Nancy McGilvery lives in Critzer Trailer Park in Waynesboro, where nearly six months later, Hurricane Isabel's handywork is still evident.
"From just the other side of 19 there, all the way down, there was floodwater standing there," she said, pointing at the now vacant trailers to her left. "They came through and red-tagged all but ours and the last one here on the end."
"Some of the trailers in this lower section, with water from six inches to 24 inches, depending on how elevated they are," explained Tom Carlsson, of the Waynesboro Housing Authority. "And so those were the units that were condemned. Fourteen trailer units were condemned."
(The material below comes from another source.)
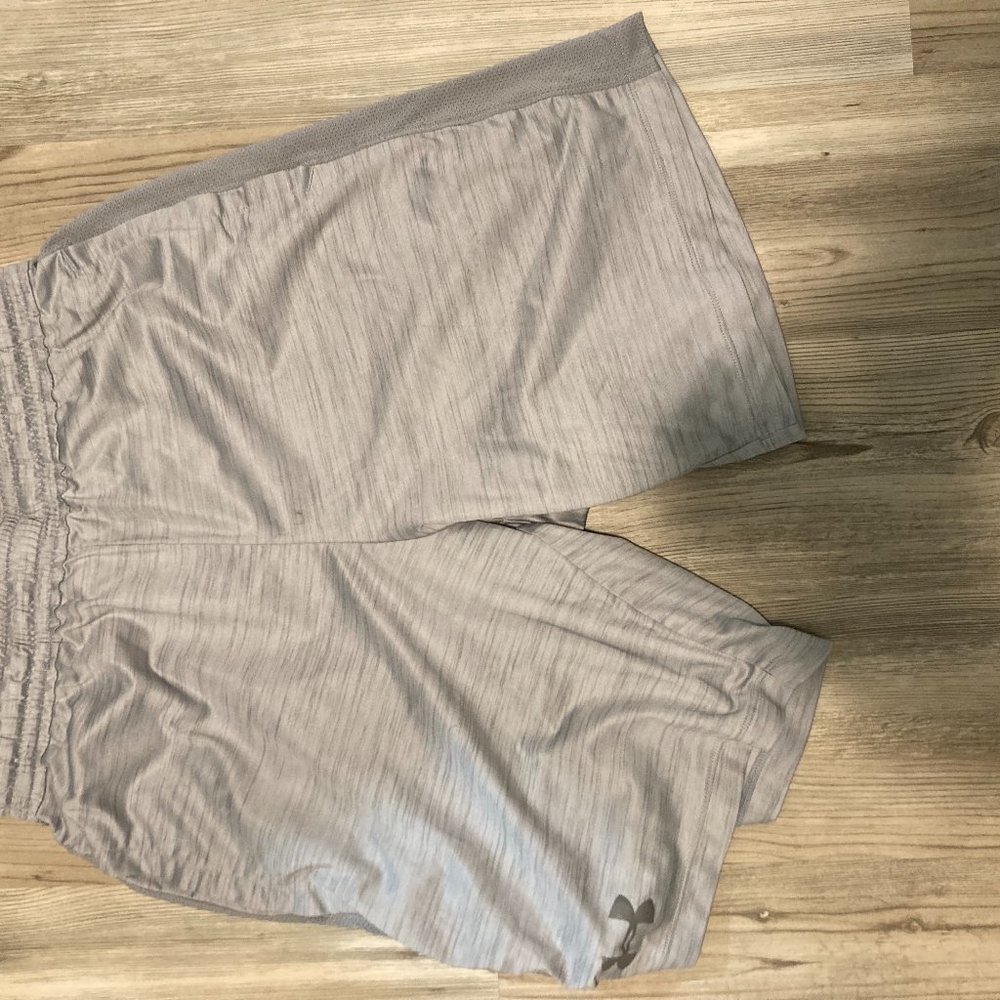 Gray Under Armour Athletic Shorts Size M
Isabel marked the sixth time that floodwaters forced residents at the trailer park out of their homes. That's why the Waynesboro Housing Authority is applying for state and federal grant money to move them to safer locations.
"And that will be a location that's free from flooding, and in a location of their own choosing," said Carlsson.
The authority is applying for two separate grants - one through FEMA, and the other through the Virginia Department of Housing and Community Development. Carlsson says the applications are due in March, and he hopes to find out this summer if Waynesboro is awarded any money.
Some residents have mixed feelings about possibly getting moved.
"In a way it's good, but in a way it's bad," said Crystal Samano. "Because this is really the only place I've been, and I know everybody here."
"I think they understand, while there may be some inconvenience in moving, it's a fresh start," said Carlsson.
And McGilvery says she's ready to start packing.